Regulation
US reveals 2025 crypto tax rules, delays non-custodial details
The IRS recently unveiled a detailed tax framework for cryptocurrency transactions, which will fundamentally reshape reporting requirements for digital asset brokers starting next year.
This new regime requires comprehensive disclosures from various entities such as trading platforms, hosted wallet services and digital asset kiosks.
Impact on main platforms and temporary measures
These entities are required to report movements and earnings of customer assets, which now encompass stablecoins like those issued by Tether and Circle Internet Financial, as well as high-value non-fungible tokens (NFTs), albeit under specific conditions.

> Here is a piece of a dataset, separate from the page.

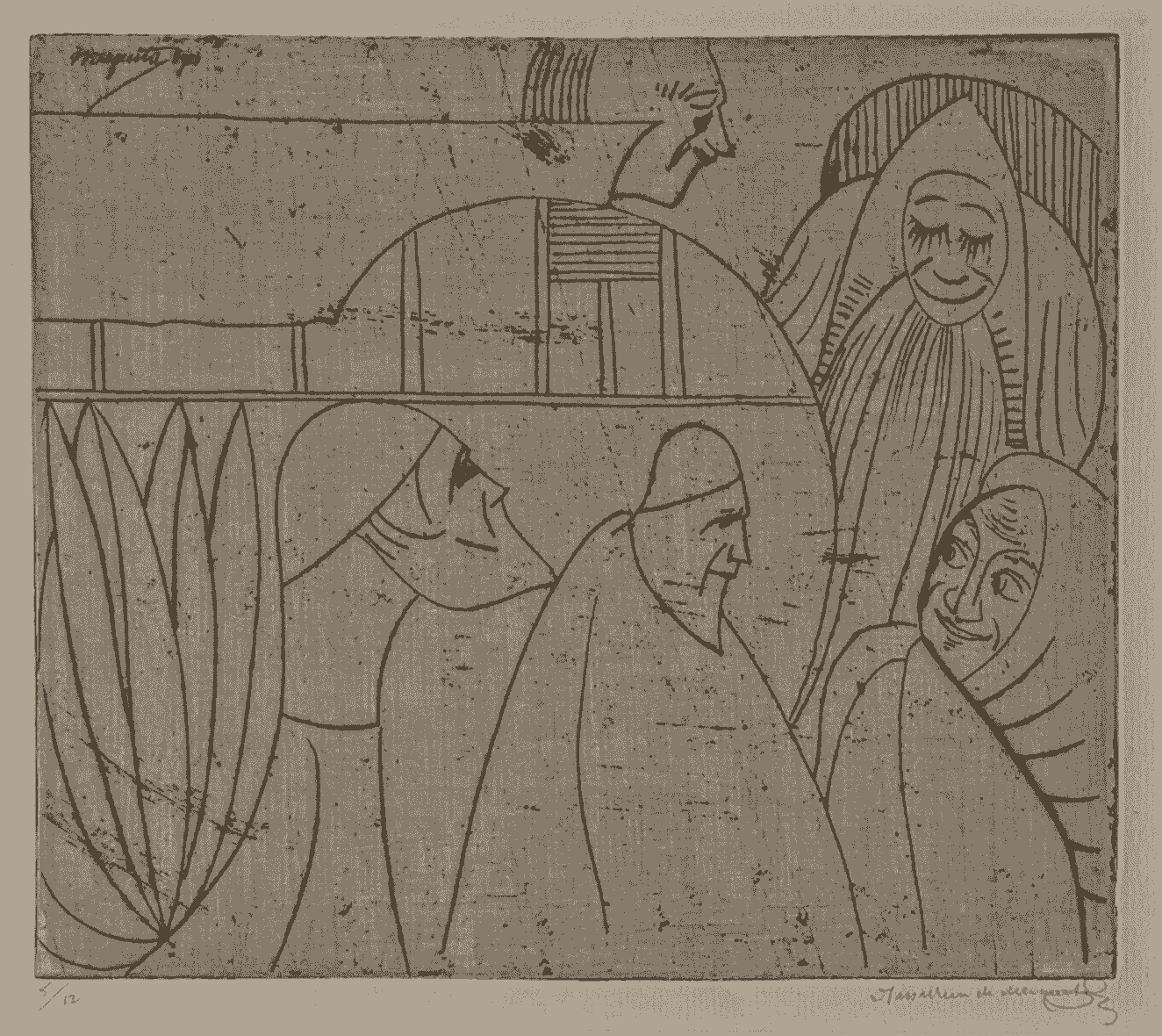 Samuel Jessurun de Mesquita - 'Sensitivistische verbeelding' (2)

This development leaves unresolved the broader debate regarding the classification of tokens as securities or commodities.
Importantly, the regulation targets well-known platforms including Coinbase Inc. and Kraken, while providing a temporary reprieve to non-custodial crypto businesses such as decentralized exchanges and unhosted wallet providers, which are expected to receive their own regulatory guidance later this year.
Source: Alpha Photo
The IRS has cited the need for further analysis of these entities before implementing comprehensive rules. The rules established by the IRS will take effect on January 1, 2025, providing crypto taxpayers with a transition period to adjust to the new requirements of the 2024 tax season.
Additionally, from January 1, 2026, brokers will be required to keep records of the “cost basis” of assets, essentially the initial purchase prices. The regulations also extend to real estate transactions paid for with cryptocurrencies, requiring reporting of the fair market value of the digital assets used.
Public Engagement and IRS Goals
This structured approach to digital asset taxation stems from the 2021 Infrastructure Bill that mandated the IRS to formalize reporting processes. The proposal garnered significant engagement, with 44,000 public comments submitted, indicating strong industry interest and concern.
IRS Commissioner Danny Werfel emphasized that the finalized regulations are part of a broader initiative to improve compliance for high-income taxpayers and ensure that digital assets are not exploited to hide taxable income .
The regulations aim to simplify and facilitate compliance for taxpayers, while improving the IRS’s ability to monitor and enforce tax laws in the digital asset area.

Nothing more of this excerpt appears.